This has become increasingly apparent since leaving Canberra, and coming home to my friends and family. It was unsettling to realise that in four days, I grew closer to some delegates and facilitators, than some of my lifelong friends, and family. I felt that I owed it to those I cared about – and myself – to build stronger connections of love in all my relationships. I also wanted it with all my heart. Having shared my story, I felt that my exterior finally aligned with my internal thoughts, and that I had answers to the questions I avoided in my mind. I reached a newfound understanding of who I am, a love for myself, and a love for those around me. A love that felt no judgement, and that was sensitive to the feelings of others. Since that revelation, I have found that when you wholly know someone – including yourself – cynicism and resentment are replaced with understanding and love. After NSLF, all that was left was love, a love desperate to be shared.

Being inspired by the small group sessions, I arrived home to a family connected by the roof over our heads, but very distant by the emotional space between us. Maybe it was a healthy amount of naivety, or that I felt that my family were as much strangers to each other, as us delegates were on the first day of NSLF. Either way, I felt the urge to bring the beauty of small group sessions to my family. I was struck by the eagerness of my family to work at growing closer and to build love between each other. It made me think that we had always sought it, but did not know how to say, or make it. For the first time, every Monday without fail, I heard another family member’s story. It was not always easy; there were arguments, tears, tantrums, and shame, but it always felt right. Every single person around the table believed wholeheartedly that what we were doing was worthwhile, and that it was helping us grow closer as a family unit. I have grown to understand better why my parents and sister are the way they are, and the reciprocal for them, I am sure. Now we are more tolerant of our differences, say what we really think and feel, and know that if anyone should know the truth, it is our family. There is a far greater sense of love and closeness that we cherish, and seek to build upon every day. I am incredibly proud of my family, and so grateful to those who have nudged me from all different angles until it clicked.

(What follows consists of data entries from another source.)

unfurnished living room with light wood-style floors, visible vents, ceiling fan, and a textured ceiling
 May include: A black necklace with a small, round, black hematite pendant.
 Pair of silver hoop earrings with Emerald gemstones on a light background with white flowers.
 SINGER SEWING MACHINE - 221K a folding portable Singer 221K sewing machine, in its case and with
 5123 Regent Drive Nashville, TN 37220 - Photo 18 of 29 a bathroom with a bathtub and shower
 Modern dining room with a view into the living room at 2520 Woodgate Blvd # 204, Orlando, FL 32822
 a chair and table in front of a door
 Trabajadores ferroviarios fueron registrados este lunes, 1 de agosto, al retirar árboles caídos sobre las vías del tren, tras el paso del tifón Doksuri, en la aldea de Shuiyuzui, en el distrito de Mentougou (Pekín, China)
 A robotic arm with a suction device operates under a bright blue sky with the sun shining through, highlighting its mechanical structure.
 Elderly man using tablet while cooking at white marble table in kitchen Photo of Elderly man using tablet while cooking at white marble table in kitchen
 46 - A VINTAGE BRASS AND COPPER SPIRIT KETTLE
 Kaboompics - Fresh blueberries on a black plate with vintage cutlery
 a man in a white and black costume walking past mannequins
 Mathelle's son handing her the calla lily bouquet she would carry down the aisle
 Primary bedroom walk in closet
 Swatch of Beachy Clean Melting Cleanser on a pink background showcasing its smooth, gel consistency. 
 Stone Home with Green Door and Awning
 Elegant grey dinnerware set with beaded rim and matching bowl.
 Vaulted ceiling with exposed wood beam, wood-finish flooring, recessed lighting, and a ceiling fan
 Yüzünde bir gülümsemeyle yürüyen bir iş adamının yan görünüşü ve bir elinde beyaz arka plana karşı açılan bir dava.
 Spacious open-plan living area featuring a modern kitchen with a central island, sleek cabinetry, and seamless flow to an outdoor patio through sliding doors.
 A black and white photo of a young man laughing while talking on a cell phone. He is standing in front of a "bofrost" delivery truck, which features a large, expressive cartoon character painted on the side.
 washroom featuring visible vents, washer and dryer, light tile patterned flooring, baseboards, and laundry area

I would particularly like to acknowledge the guidance of James and Katy-Rose Blackwood, who are so generous with their love and care. You are both fine role models and push me to build more loving relationships every day. Thank you also to NSLF, everyone involved has not only changed my life, but hundreds (if not thousands) of others through the amplifying effect of love.

One Comment

David Morey says:

February 28, 2018 at 11:14 am

A blessing to hear of the impact of honest love on Chris’ life and his family.